- [TASK DETAILS]: Copy only the lines from the one containing "ผัดผักรวมน้ำมันหอย" through the final line of the records below, exactly as written, with no pictures.

------ DATA FOR THIS TASK

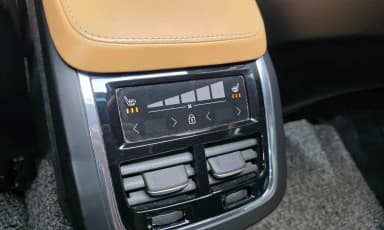 S90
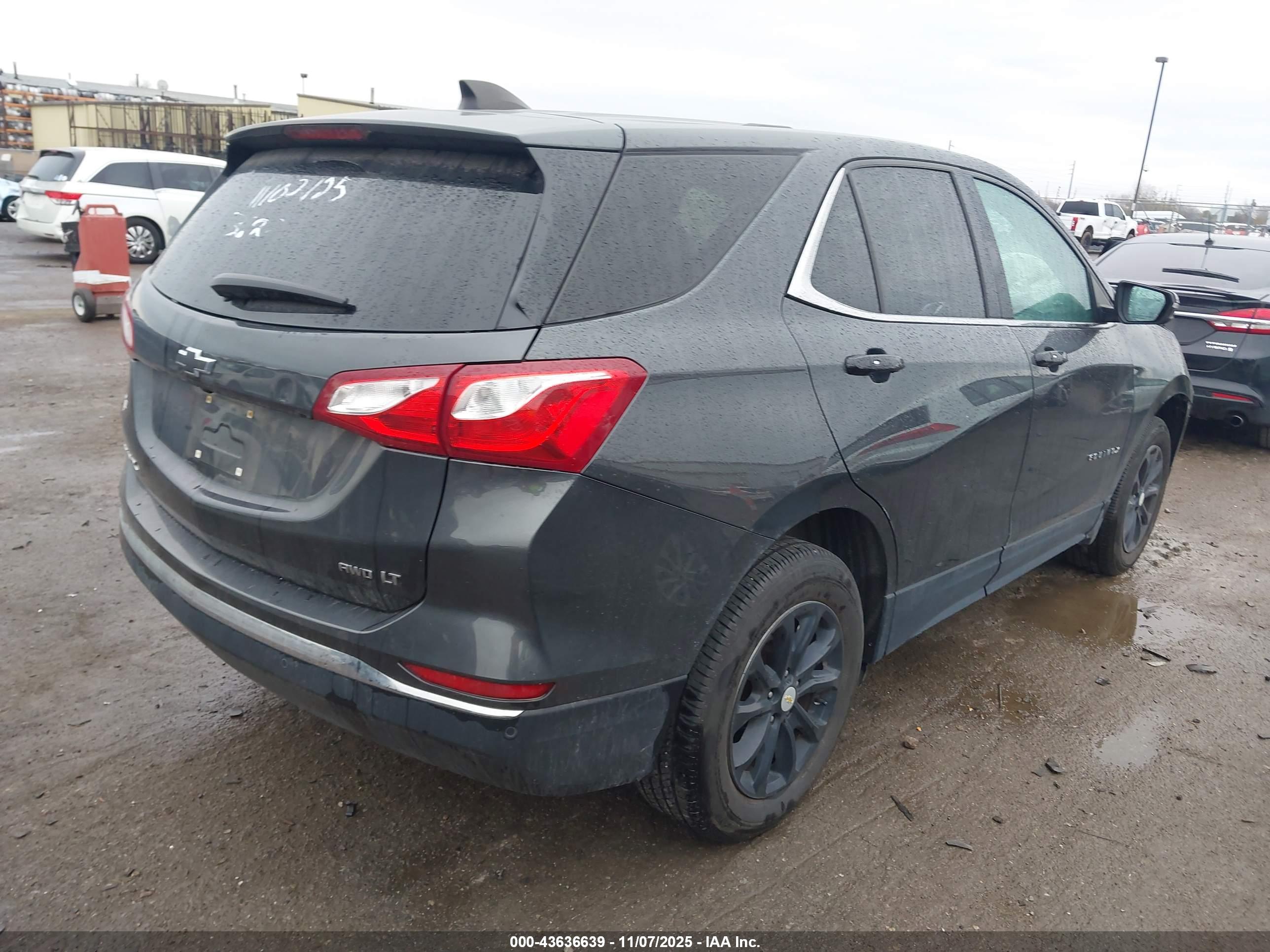 CHEVROLET EQUINOX image 4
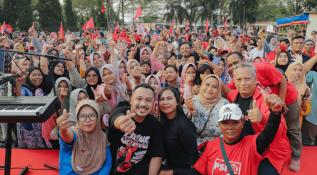 Ngamen Solidaritas PSI Kota Tangerang, Meriahkan Ribuan Warga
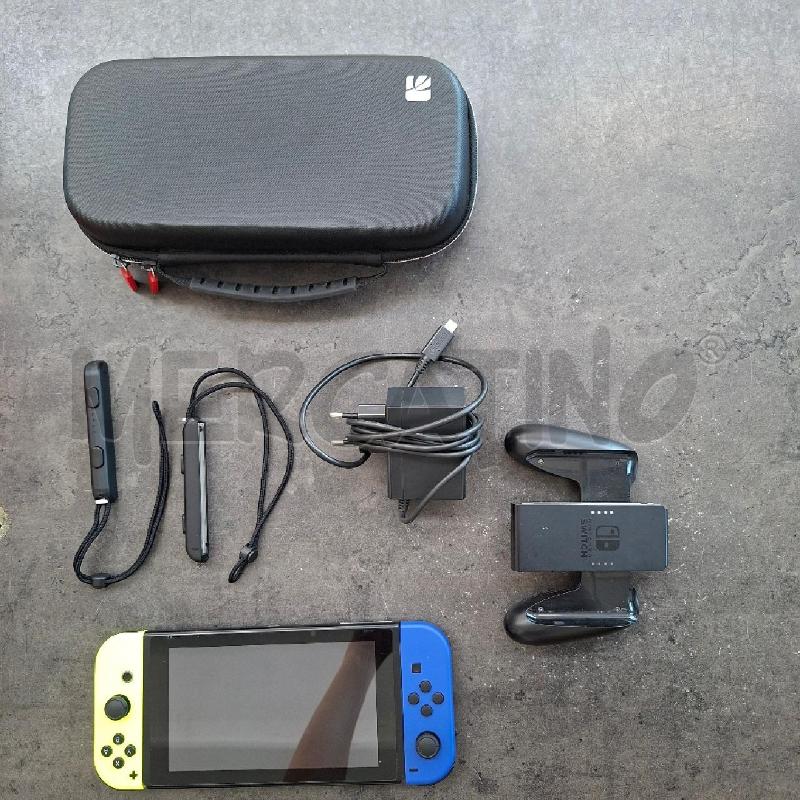 NINTENDO SWITCH HAC-001 GIALLO VIOLA | Mercatino dell'Usato Arcore 4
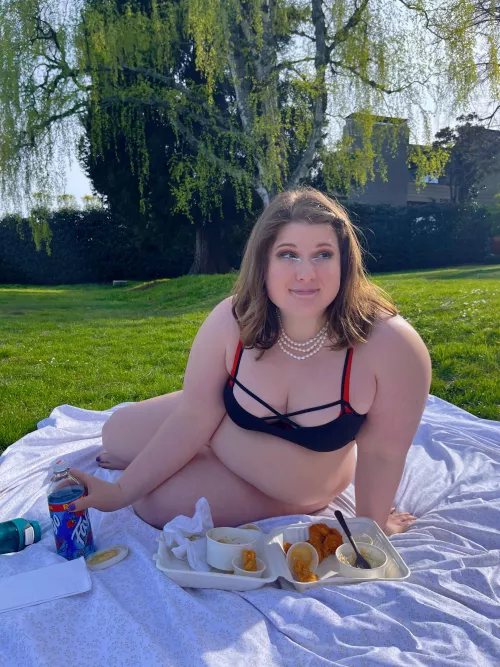 had a yummy Easter picnic today ✨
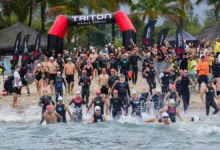 Atletas deram a largada para a primeira prova do Triton 3 Rio, a etapa de natação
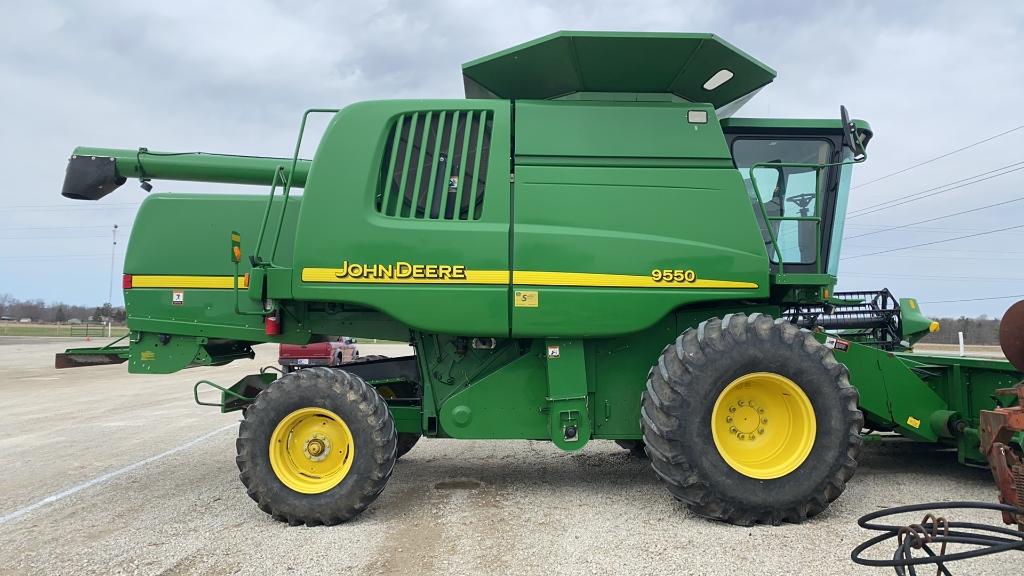 2002 John Deere 9550 Combine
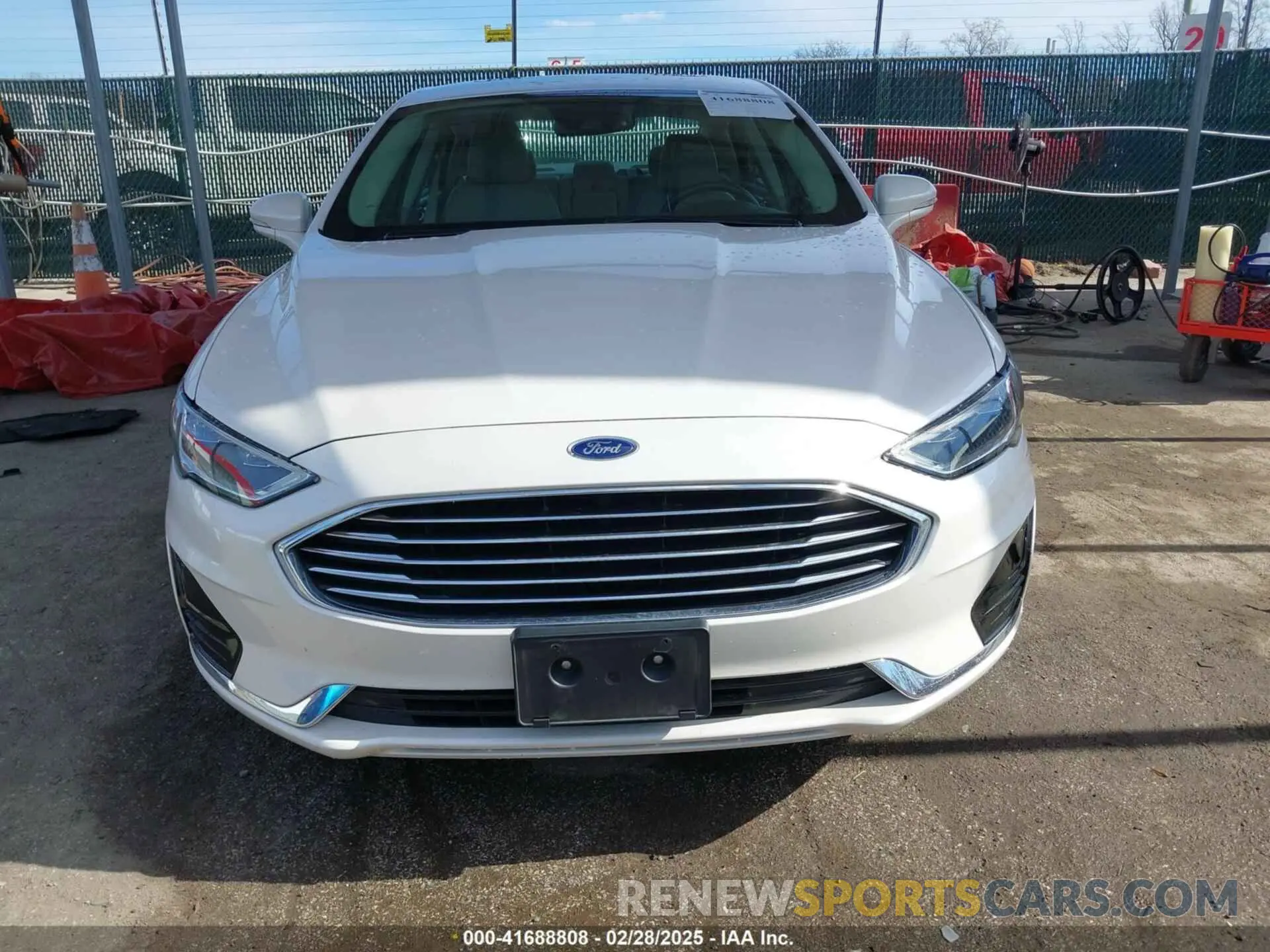 13 Photograph of a damaged car 3FA6P0CD2KR194818 FORD FUSION 2019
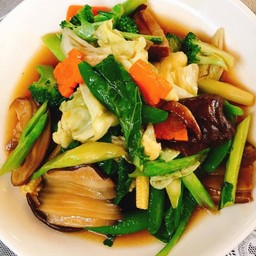 ผัดผักรวมน้ำมันหอย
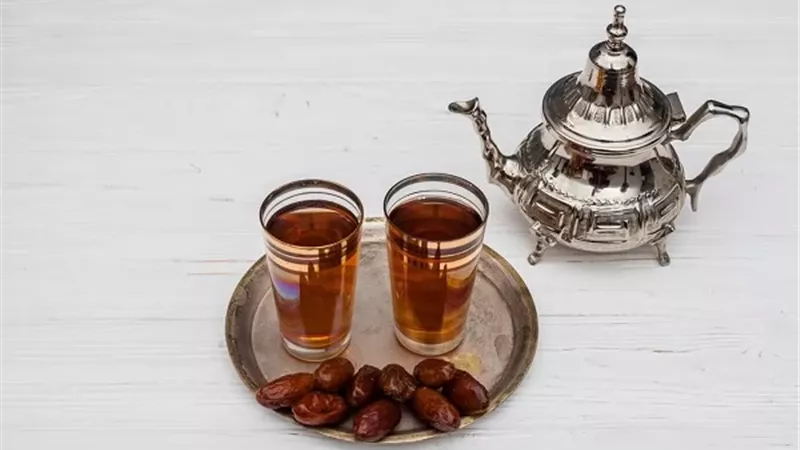 منها امتصاص الحديد..ما لا تعرفه عن شرب الشاي بعد الإفطار في رمضان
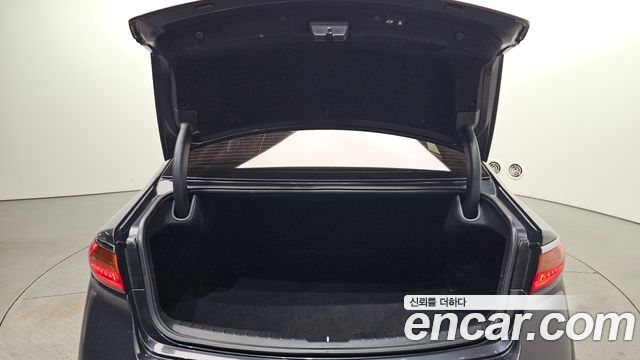 Kia K7 2018 — photo 32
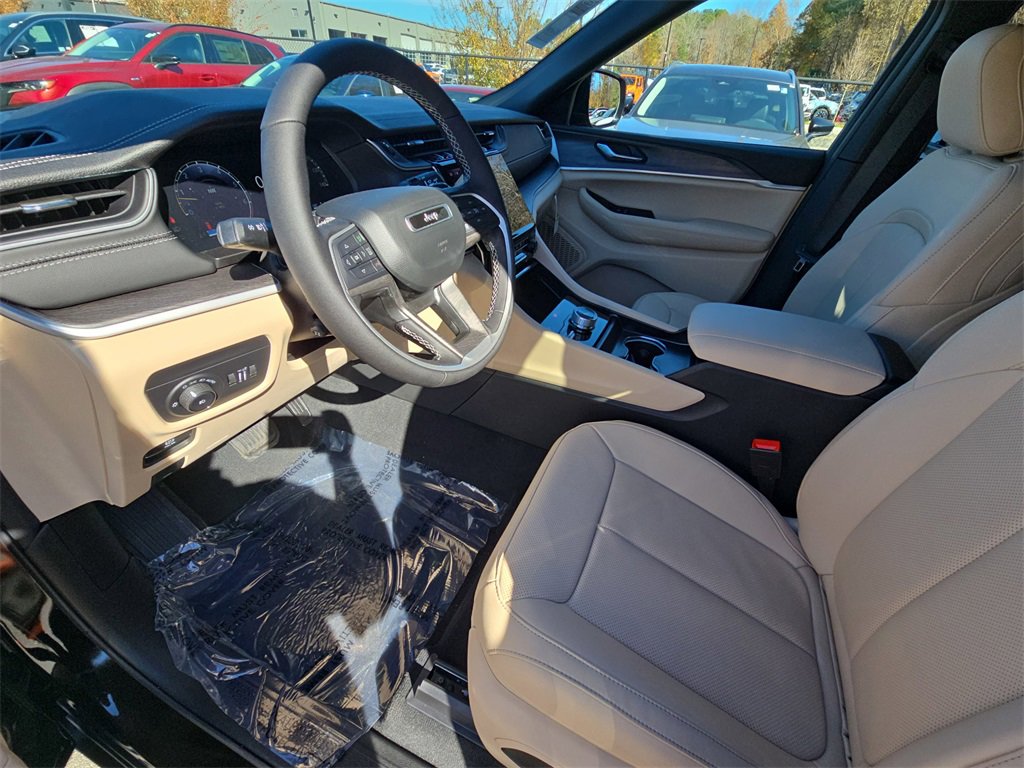 New 2025 Jeep Grand Cherokee Limited w/ Luxury Tech Group II image 17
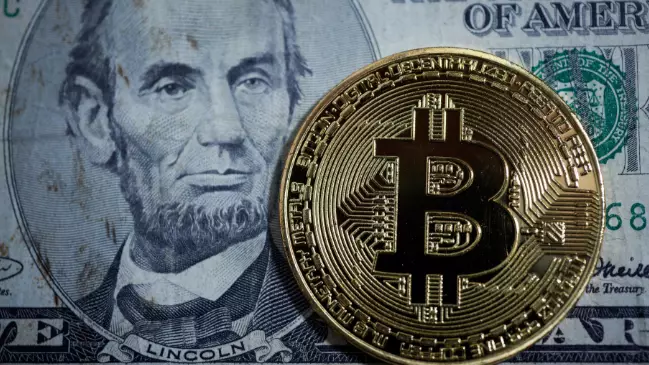 Expert Believes Bitcoin Could Top $100,000 In 2018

------------

- [REPLY]:
 ผัดผักรวมน้ำมันหอย
 منها امتصاص الحديد..ما لا تعرفه عن شرب الشاي بعد الإفطار في رمضان
 Kia K7 2018 — photo 32
 New 2025 Jeep Grand Cherokee Limited w/ Luxury Tech Group II image 17
 Expert Believes Bitcoin Could Top $100,000 In 2018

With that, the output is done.